In February of this year, we reported Giorgio Armani’s blistering tirade about Anna Wintour when she skipped his Milan show to get to the Paris collections early. (She’s all about punctuality.) “She said she was sending her people,” he derided. “But if you go to see your dentist and he puts you in the hands of his assistant, what’s your reaction?” And that was one of the nicer parts of his polemic. Clearly, turning 80 hasn’t mellowed the maestro one bit.
For his next outing, in September, Armani moved the show up in the calendar. Wintour attended, graciously, thus no one resorted to ranting or name-calling. It seemed all was right in the world. But now, for fashion week in March, he’s returning to the last day, in another attempt to help smaller labels whose shows might otherwise be skipped by a majority of editors, following Wintour’s earlier example. (To be fair, it isn’t known yet if she’ll attend or not.)
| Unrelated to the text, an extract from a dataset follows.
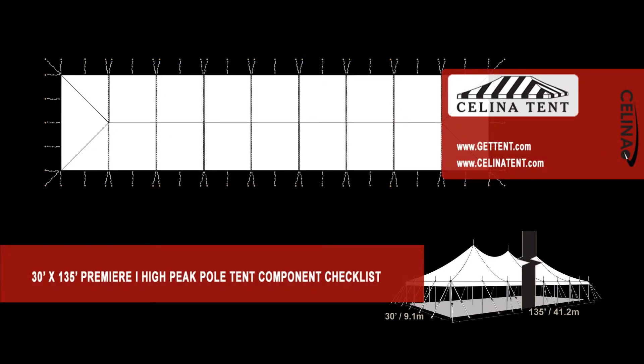This is an overview of the components required to set up a 30' x 135' Premier 1 Series High Peak Pole Tent from Celina Tent.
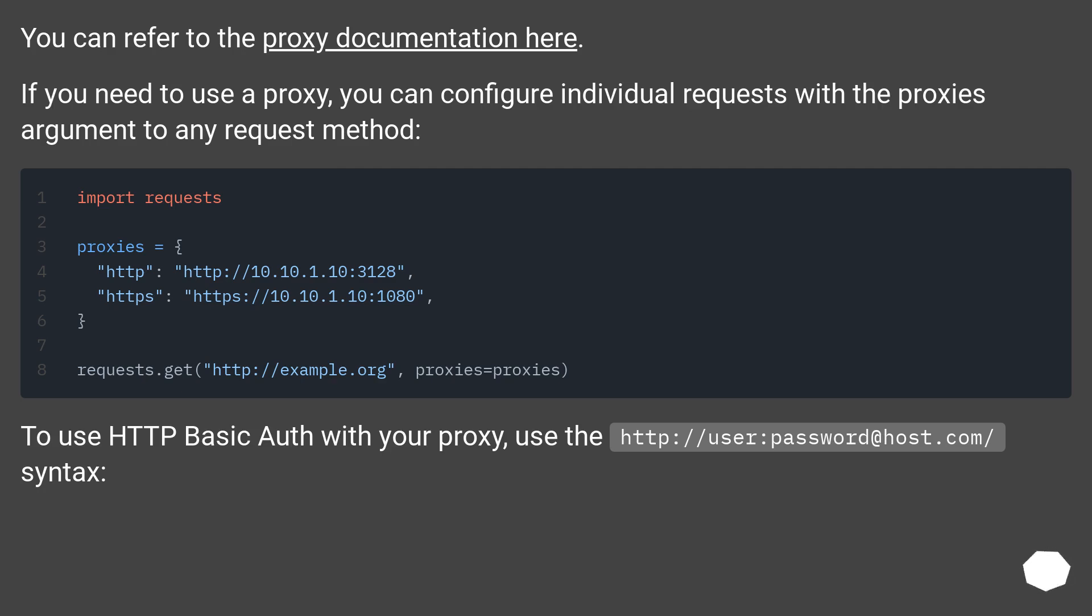To use HTTP basic auth with your proxy, use the http://user:password@host.com/ syntax.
What’s Armani’s obsession with that last day? Not only is it to help fledgling designers, but it’s also part of a larger effort to revive Milan Fashion Week, which has suffered from a serious lack of new blood. Holding on to that last day also lends credibility to the week’s larger governing body, Camera della Moda. “When we decided to show on the last day, other big brands were involved,” Armani said at that fiery press conference in February. “But currently this is an empty day. Is this protecting Italian fashion? Where is the Camera? I rejoined it, but I can always exit again. I can just put in a phone call.”